**Task brief**.
Every line in the data below has to be repeated exactly; no picture belongs in the result.

**Exercise materials**.
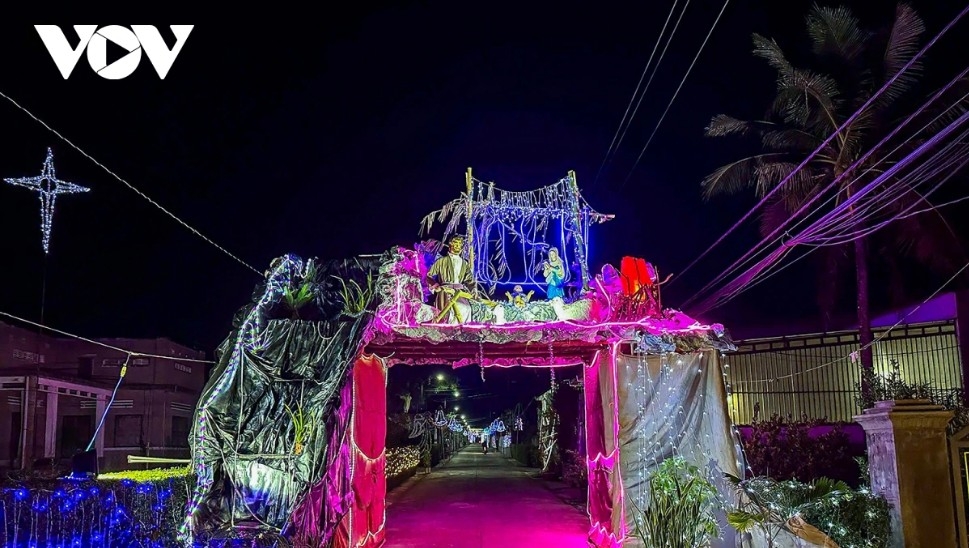 A decorated entrance in a residential area of Kim Chau Parish, Dray Bhang Commune, as parishioners put the finishing touches on a Nativity scene and Christmas tree made from self-crafted materials and sold at local shops.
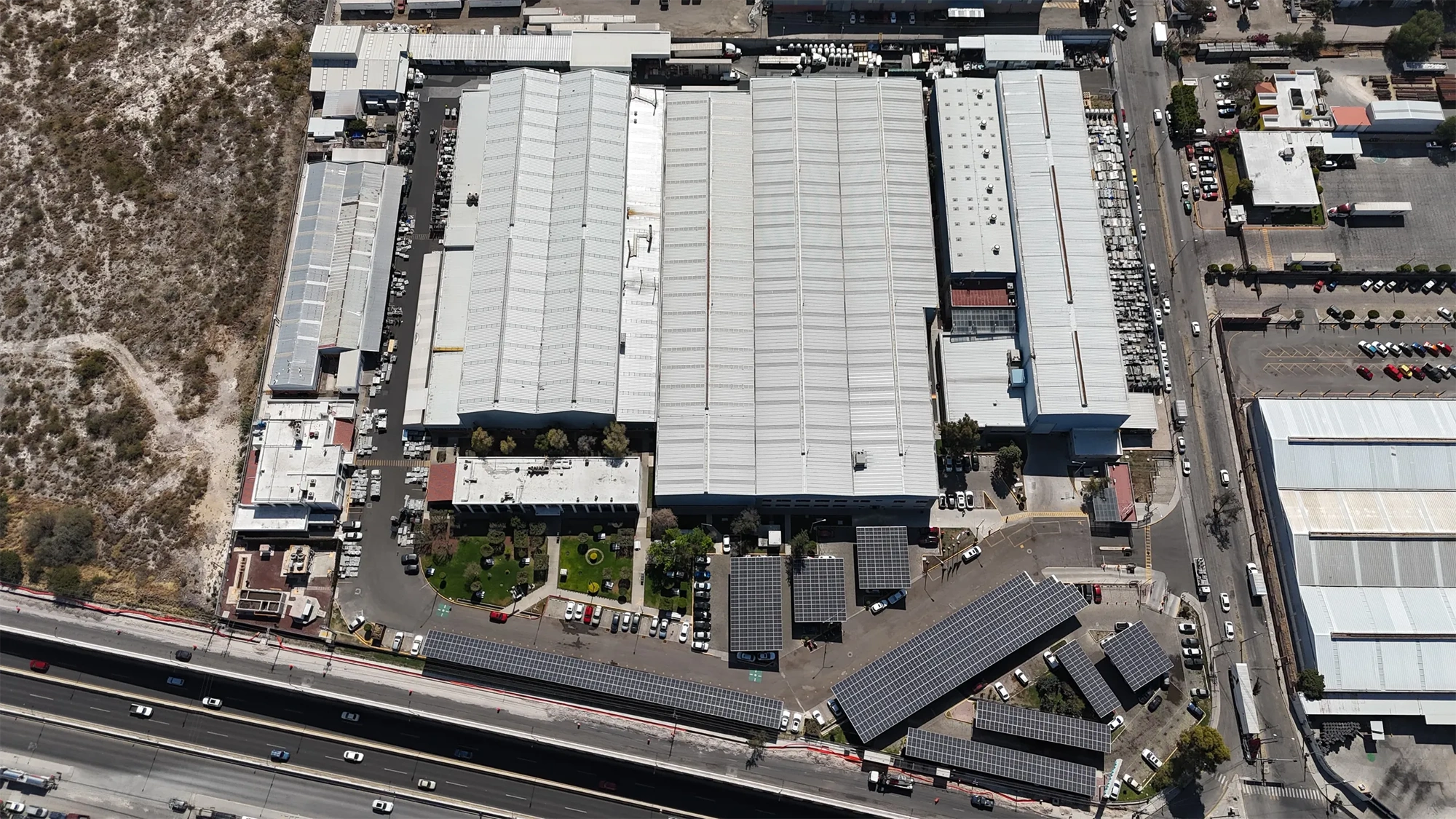 Aerial view of a large industrial facility in Balvanera, Mexico, showing multiple warehouse buildings, parking areas and nearby roads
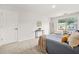 Bright bedroom featuring a window view, a side table, a reading chair, and modern decor at 6571 Splitpine Ct, Atlanta, GA 30349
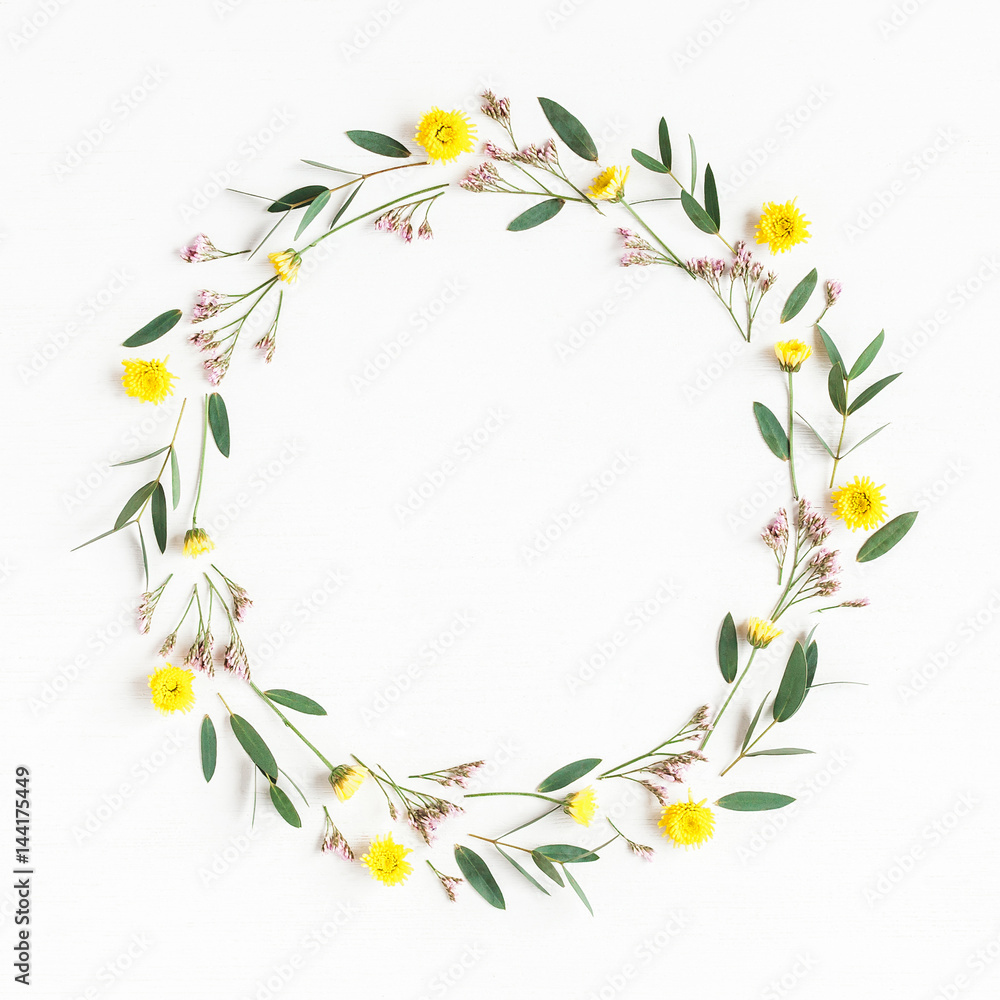 Flowers composition. Wreath made of yellow flowers and eucalyptus leaves on white background. Flat lay, top view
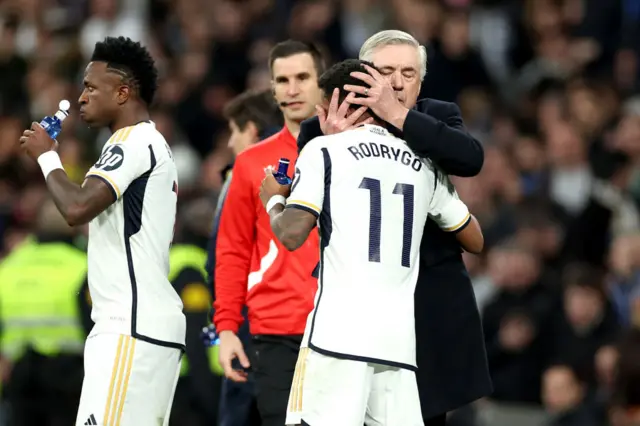 Carlo Ancelotti embracing Rodrygo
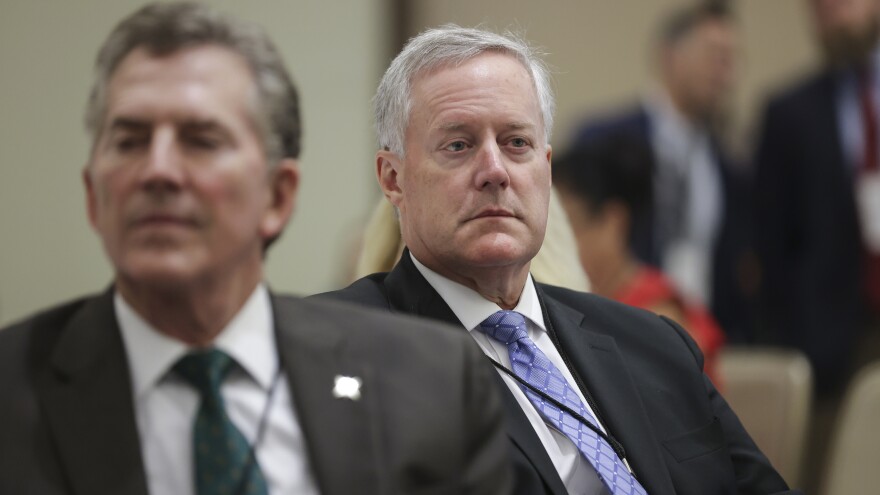 Former White House chief of staff Mark Meadows, right, and former Republican Sen. Jim DeMint, left, attend a summit organized by the America First Policy Institute on July 25, 2022. Meadows and DeMint have both been involved with the Conservative Partnership Institute, a nonprofit raising concerns among tax experts.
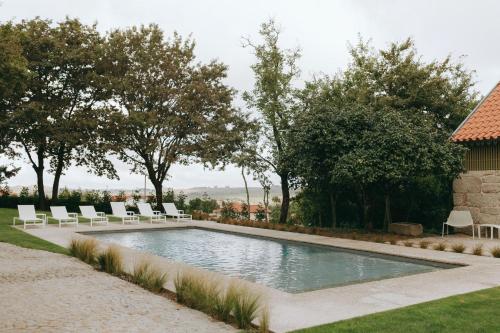 a swimming pool with white chairs and trees at Casa da Fonte de Cima in Celorico de Basto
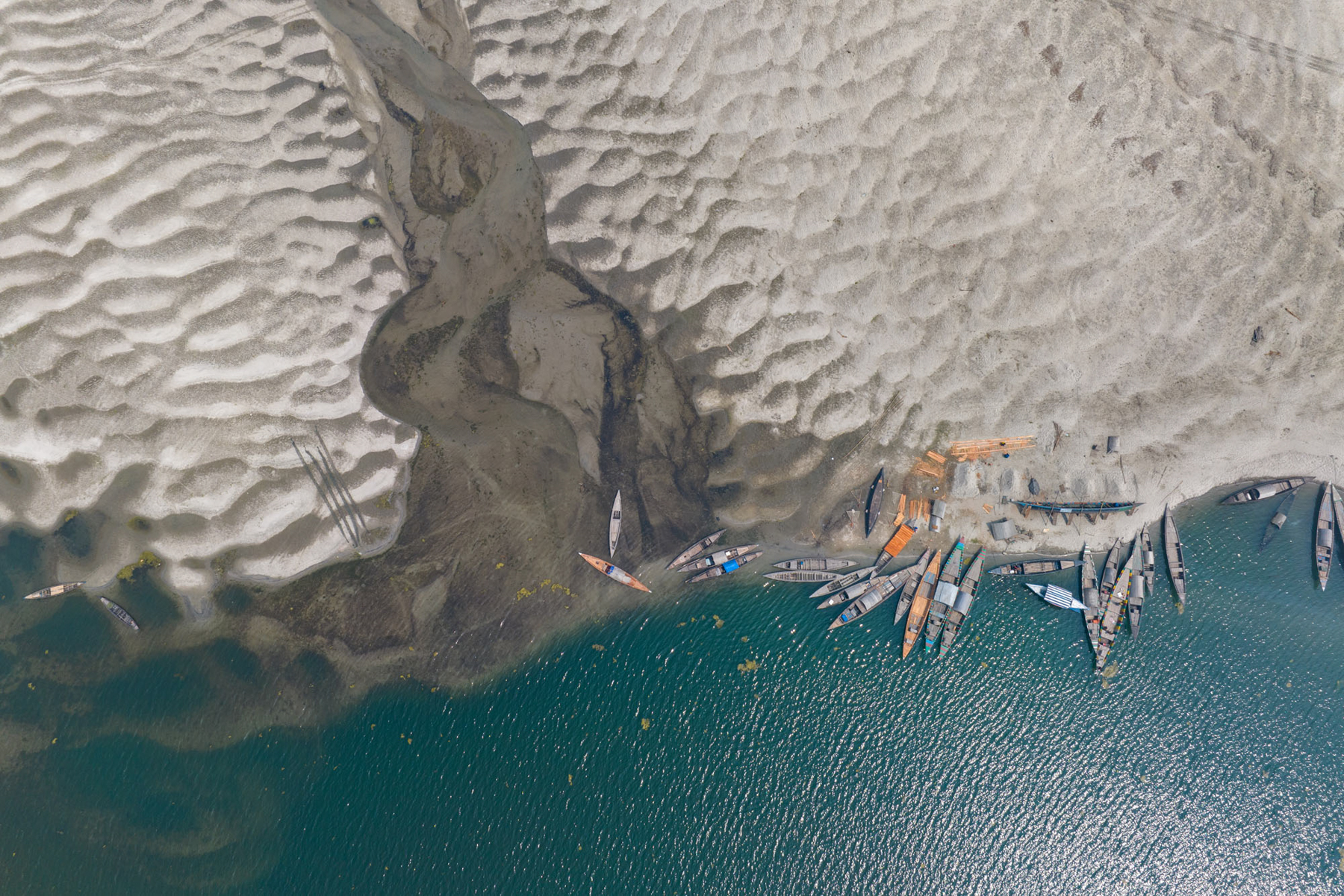 Aerial view of riverboats at the mouth of a tributary (image by Yousuf Tushar)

**Task result**.
 A decorated entrance in a residential area of Kim Chau Parish, Dray Bhang Commune, as parishioners put the finishing touches on a Nativity scene and Christmas tree made from self-crafted materials and sold at local shops.
 Aerial view of a large industrial facility in Balvanera, Mexico, showing multiple warehouse buildings, parking areas and nearby roads
 Bright bedroom featuring a window view, a side table, a reading chair, and modern decor at 6571 Splitpine Ct, Atlanta, GA 30349
 Flowers composition. Wreath made of yellow flowers and eucalyptus leaves on white background. Flat lay, top view
 Carlo Ancelotti embracing Rodrygo
 Former White House chief of staff Mark Meadows, right, and former Republican Sen. Jim DeMint, left, attend a summit organized by the America First Policy Institute on July 25, 2022. Meadows and DeMint have both been involved with the Conservative Partnership Institute, a nonprofit raising concerns among tax experts.
 a swimming pool with white chairs and trees at Casa da Fonte de Cima in Celorico de Basto
 Aerial view of riverboats at the mouth of a tributary (image by Yousuf Tushar)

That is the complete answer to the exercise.